Assignment. Beginning with the line that has "Used 2020 Jaguar F-PACE Prestige image 44", please write out the remaining lines of the material exactly, the last one included.

────────────────

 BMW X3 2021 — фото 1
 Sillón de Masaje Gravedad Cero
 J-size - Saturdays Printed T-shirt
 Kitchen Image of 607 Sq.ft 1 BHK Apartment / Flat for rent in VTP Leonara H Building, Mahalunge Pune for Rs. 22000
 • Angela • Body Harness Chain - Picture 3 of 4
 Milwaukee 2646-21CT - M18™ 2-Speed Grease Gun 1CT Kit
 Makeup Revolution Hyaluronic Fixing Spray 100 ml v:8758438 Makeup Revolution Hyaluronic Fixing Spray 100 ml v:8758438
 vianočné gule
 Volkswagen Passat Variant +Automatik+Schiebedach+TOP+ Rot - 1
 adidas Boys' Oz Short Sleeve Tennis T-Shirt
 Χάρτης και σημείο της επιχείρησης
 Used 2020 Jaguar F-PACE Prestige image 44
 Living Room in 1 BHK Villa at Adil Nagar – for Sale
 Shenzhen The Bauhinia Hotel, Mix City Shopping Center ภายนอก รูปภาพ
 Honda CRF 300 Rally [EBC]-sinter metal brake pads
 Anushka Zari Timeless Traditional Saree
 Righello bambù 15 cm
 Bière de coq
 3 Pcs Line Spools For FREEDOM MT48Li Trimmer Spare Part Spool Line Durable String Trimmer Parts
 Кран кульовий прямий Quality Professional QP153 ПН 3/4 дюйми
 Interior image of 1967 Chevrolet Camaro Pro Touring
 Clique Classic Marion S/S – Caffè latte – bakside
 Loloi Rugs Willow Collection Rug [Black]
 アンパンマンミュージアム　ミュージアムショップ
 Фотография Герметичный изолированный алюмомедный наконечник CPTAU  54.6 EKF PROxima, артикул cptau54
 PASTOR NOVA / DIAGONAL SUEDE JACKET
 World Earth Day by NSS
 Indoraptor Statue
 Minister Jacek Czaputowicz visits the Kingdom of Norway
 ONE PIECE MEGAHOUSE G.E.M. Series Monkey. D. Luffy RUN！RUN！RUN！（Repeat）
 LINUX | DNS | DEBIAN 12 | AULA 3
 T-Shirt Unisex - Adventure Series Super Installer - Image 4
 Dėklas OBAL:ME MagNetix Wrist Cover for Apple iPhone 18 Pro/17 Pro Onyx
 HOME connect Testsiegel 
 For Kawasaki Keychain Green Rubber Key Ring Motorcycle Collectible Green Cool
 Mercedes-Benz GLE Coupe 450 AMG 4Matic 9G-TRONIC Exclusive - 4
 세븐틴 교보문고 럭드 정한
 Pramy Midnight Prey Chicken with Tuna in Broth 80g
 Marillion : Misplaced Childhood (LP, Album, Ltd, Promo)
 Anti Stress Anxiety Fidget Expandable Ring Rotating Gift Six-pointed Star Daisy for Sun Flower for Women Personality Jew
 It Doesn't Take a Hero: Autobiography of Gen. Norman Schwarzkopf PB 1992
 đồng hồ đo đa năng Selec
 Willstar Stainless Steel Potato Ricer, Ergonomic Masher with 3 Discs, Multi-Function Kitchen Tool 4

────────────────

Result for this task.
 Used 2020 Jaguar F-PACE Prestige image 44
 Living Room in 1 BHK Villa at Adil Nagar – for Sale
 Shenzhen The Bauhinia Hotel, Mix City Shopping Center ภายนอก รูปภาพ
 Honda CRF 300 Rally [EBC]-sinter metal brake pads
 Anushka Zari Timeless Traditional Saree
 Righello bambù 15 cm
 Bière de coq
 3 Pcs Line Spools For FREEDOM MT48Li Trimmer Spare Part Spool Line Durable String Trimmer Parts
 Кран кульовий прямий Quality Professional QP153 ПН 3/4 дюйми
 Interior image of 1967 Chevrolet Camaro Pro Touring
 Clique Classic Marion S/S – Caffè latte – bakside
 Loloi Rugs Willow Collection Rug [Black]
 アンパンマンミュージアム　ミュージアムショップ
 Фотография Герметичный изолированный алюмомедный наконечник CPTAU  54.6 EKF PROxima, артикул cptau54
 PASTOR NOVA / DIAGONAL SUEDE JACKET
 World Earth Day by NSS
 Indoraptor Statue
 Minister Jacek Czaputowicz visits the Kingdom of Norway
 ONE PIECE MEGAHOUSE G.E.M. Series Monkey. D. Luffy RUN！RUN！RUN！（Repeat）
 LINUX | DNS | DEBIAN 12 | AULA 3
 T-Shirt Unisex - Adventure Series Super Installer - Image 4
 Dėklas OBAL:ME MagNetix Wrist Cover for Apple iPhone 18 Pro/17 Pro Onyx
 HOME connect Testsiegel 
 For Kawasaki Keychain Green Rubber Key Ring Motorcycle Collectible Green Cool
 Mercedes-Benz GLE Coupe 450 AMG 4Matic 9G-TRONIC Exclusive - 4
 세븐틴 교보문고 럭드 정한
 Pramy Midnight Prey Chicken with Tuna in Broth 80g
 Marillion : Misplaced Childhood (LP, Album, Ltd, Promo)
 Anti Stress Anxiety Fidget Expandable Ring Rotating Gift Six-pointed Star Daisy for Sun Flower for Women Personality Jew
 It Doesn't Take a Hero: Autobiography of Gen. Norman Schwarzkopf PB 1992
 đồng hồ đo đa năng Selec
 Willstar Stainless Steel Potato Ricer, Ergonomic Masher with 3 Discs, Multi-Function Kitchen Tool 4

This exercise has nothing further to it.